Frequently Asked Questions
Do I need permission from the other parent to relocate with my children?
In many countries you need permission from the other parent if that parent also has parental authority. If you have sole parental authority, it can still be wise to ask for permission, to avoid court procedures started by the other parent to prevent the relocation.
How do I avoid disputes about the move and the new visitation arrangement?
You can draft an international parenting plan prior to the move about such things as visitation arrangements, consultation and sharing of information. When drafting a parenting plan, you can also take into account any changes in circumstances in the future in advance.
What can I do if the other parent refuses to consult or negotiate with me?
You can draft a parenting plan yourself and submit it to the other parent and seek his or her consent. You can also ask the court to make a court order on the main issues in the parenting plan.
What are the advantages of writing a parenting plan together?

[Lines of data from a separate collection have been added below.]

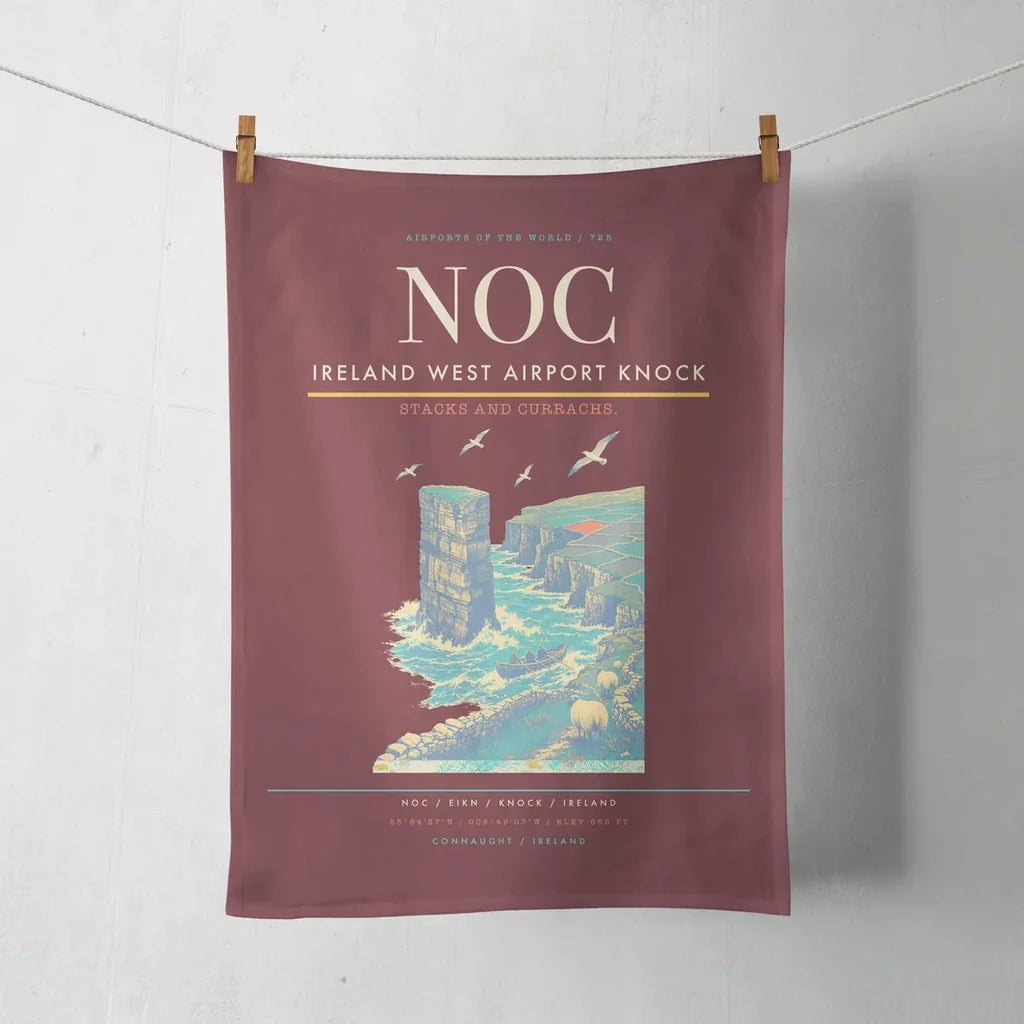 Ireland West Airport Knock (NOC) design on dark red towel
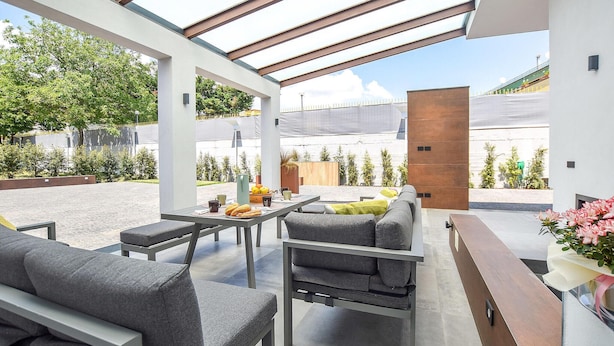 Une terrasse extérieure moderne avec un toit en verre, des meubles gris et une vue sur un immeuble et des arbres.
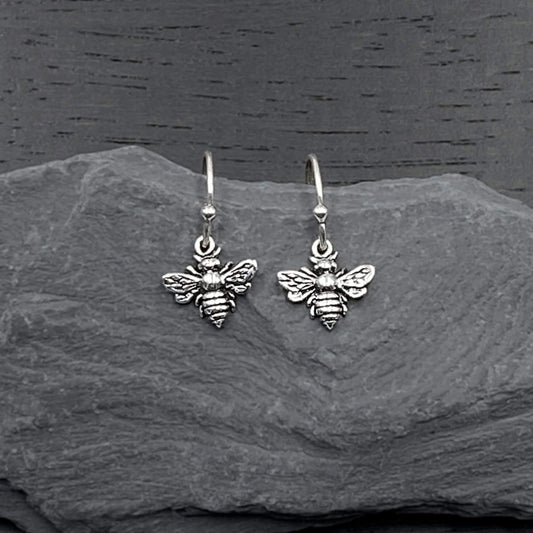 Detailed view of silver dangling earrings with a intricate bee design.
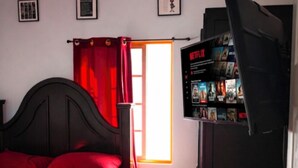 A bedroom with a bed, a window with red curtains, a wall-mounted TV, and a wooden ceiling. - Welcome to Grace Guest House. A peaceful and comfortable home. (St. Elizabeth Parish)
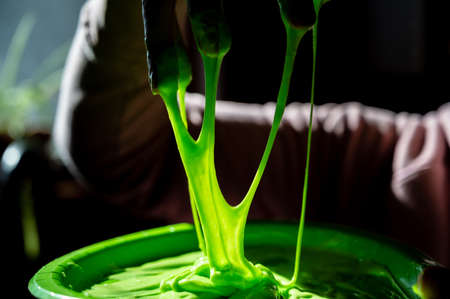 focus on slime covered hands with strings of gooey webbing downの写真素材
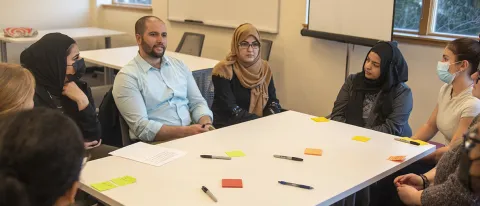 People talk with each other at a roundtable about cultural competencies in health care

In most countries, the court can only ratify a parenting plan if it is signed by both parents. In that case, the agreements on various topics can be set out exactly as desired and ratified by the court. If there is no agreement on a parenting plan, the court can only tie the knot on a number of issues. Such a court decision is much less detailed than a jointly drafted parenting plan and is often less future-proof.
What is a good international visitation arrangement?
A good international contact arrangement takes into account: the distance, travel time and costs, the school vacations, the existing division of care responsibilities, the school vacations and contact arrangements of (half) sisters and brothers, the age of the child and other relevant circumstances and the possibilities of maintaining contact at a distance by means of video calls, for example.